The chevra kadisha (“Holy Community”) is a geographically-organized group responsible for all Jewish matters pertaining to death, including arranging people to sit with and guard the body (shemira), and preparation of the body for burial (tahara). The 7th of Adar, which fell yesteray, February 22, is the date the Rabbis assigned to Moshe’s death (Talmud Bavli Kiddushin 38a). Because God prepared Moshe’s body for burial personally, the chevra honors this date as a day of reflection on the work they do. Different chevras and members have various approaches to balancing modesty with a desire to spread knowledge regarding death rituals to make them less obscure. This post, by Joey Glick, on the role of chevra kadisha work in enabling gentleness in masculinity, is the seventh and final piece in our week-long series by contemporary Jews involved in local chevras. Click here for Parts 1, by Gidon Von Emden, 2, by Nina Rubin, 3, by Rabbi Regina Sandler-Phillips, 4, by Elissa Felder and Rabbi Malkah Binah Klein, 5, by Emily Fishman, and 6, by an anonymous author and Allen Spivak.

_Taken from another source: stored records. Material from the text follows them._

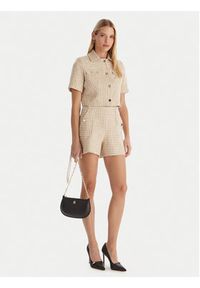 Morgan Bluzka 252-VENU.F Beżowy Regular Fit. Kolor: beżowy. Materiał: bawełna #2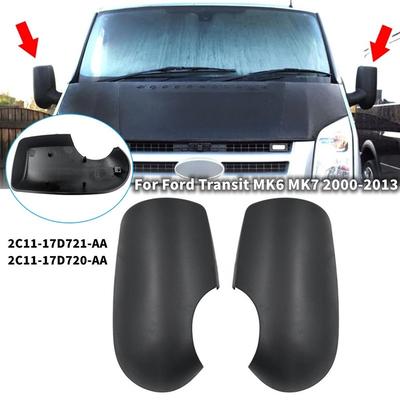 For Ford Transit MK6 MK7 2000-2013 Car Replacement Rearview Side Mirror Cover Wing Cap Exterior Door Shell Trim ABS Accessories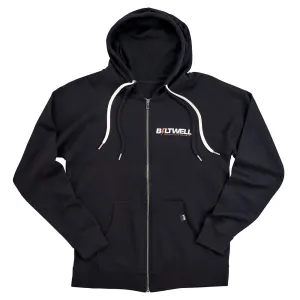 Bolts Zip-Up Hooded Sweatshirt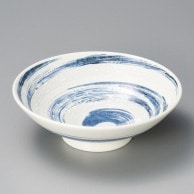 山万 粉吹青流　8.0盛鉢  01413-179 1個（ご注文単位1個）【直送品】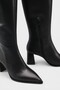 Lyda Pointed Toe Thick Heeled Half Zipper Stylish Women's Boots - 2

A few years ago, I found myself in a crowded café, weeping over my laptop. I had just watched a Tiny Desk performance of the Ysaÿe Barnwell composition “Wanting Memories” by Cantus, a men’s choral group. Barnwell’s song begins with the raw expression of a person who has lost their parent: “You said you’d rock me in the cradle of your arms/You said you’d hold me ‘til the storms of life were gone/You said you’d comfort me in times like these and now I need you/Now I need you/And you are gone.” Barnwell ends her work with a glimpse of the hope waiting at the end of grief: “I thought that you were gone, but now I know you’re with me. You are the voice that whispers all I need to hear.”

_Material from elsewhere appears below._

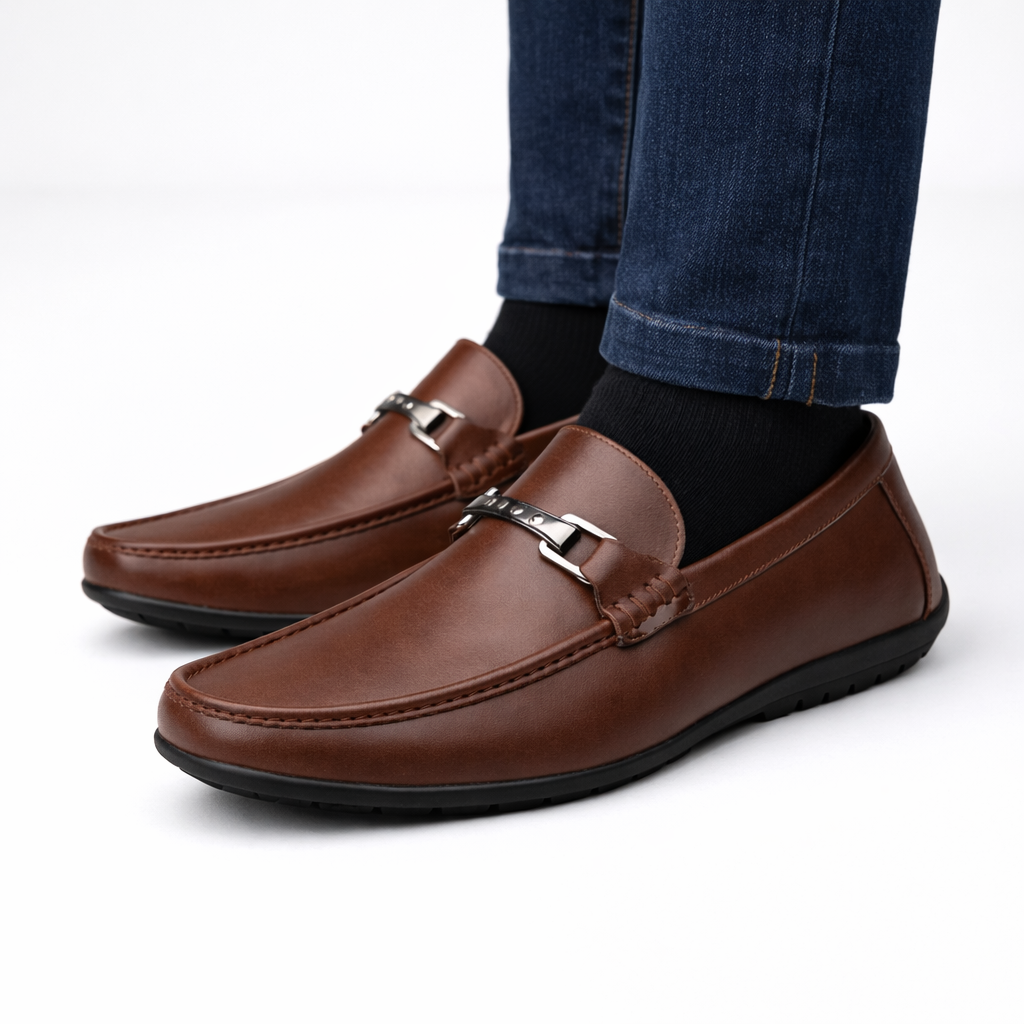 Montari Genuine Leather Loafers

While these words on their own would be enough to bring me to tears, Cantus’ performance turned me into a blubbering mess. As a cis-man, I had spent years searching for alternatives to poplar media’s representation of a masculinity of detachment and aggression. While I had seen this masculinity challenged by my gentle father and other men role models, there was something different and profound about the experience of listening to Barnwell’s poetry in Cantus’ rendering. For the first time, I heard a choir of men, following the script of a woman’s voice as her words echoed against the walls of grief and vulnerability. That moment of listening gave me a dream: to one day sing in such a choir, finding a range of pain, openness, and intimacy in my own voice amongst a community of men. After years of searching, I was surprised to find my voice and choir in the basement of Bresniak Funeral Home.

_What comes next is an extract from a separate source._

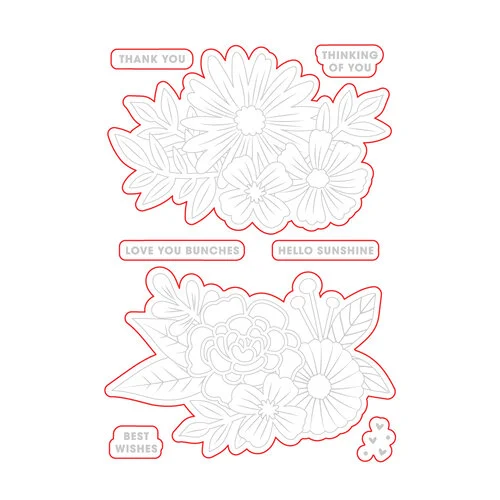 Scrapbook.com - Coordinating Die Set - Market Bloom - Lovely Bunches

Earlier this year, I joined the Community Hevra Kadisha of Greater Boston. In my first tahara, I was one of five men on a team preparing the met, the deceased man, for burial. While giving the met an initial bath, our team sang together the Rosho Kedem, a passage drawn from Song of Songs. In it’s biblical context, the female lover of the Song delivers the Rosho Kedem as an ode of masculine beauty while she desperately searches for her lost love.
As we began to sing, I was struck by the dissonance of the Rosho Kedem; we chanted “his locks are curled and black as a raven… his lips are like lilies,” while washing the met’s bluing lips and wispy white hair. The sad strangeness of these words mixed with the longing of the Song’s poetry. As the woman of the Song called out for her lost lover, we called out to our lost met, mourning a life ended. Before I could sink into this sadness, I looked up to see my teammates in action. I saw a man holding the hand of the met and another patting drops of water from the met’s brow. As I watched this choreography of care, I knew that loss was not the last but the first note of our song together. Our voices joined the words of the woman of the Song and the presence of the met’s neshmah, his soul, in singing an aria of poetry, of grief, and of hope.
For years now, I have searched for the melody of my masculinity in the words and poetry of women’s and non-binary folx’s songs. With this search came an implicit understanding that there was a limit the ability of men, particularly cis-men, to compose gentleness; at best, I believed, we could play out weak imitations of our siblings’ and parents’ music. The men of the hevra kadisha have taught me otherwise. Their care has shown me the possibility that men can contribute new harmonies and timbre to the ongoing composition of our people’s melody of tenderness and care for the living and for the dead.
Joey Glick is a first year rabbinical student at Hebrew College. When not learning, he can be found playing old hymns on his banjo with friends.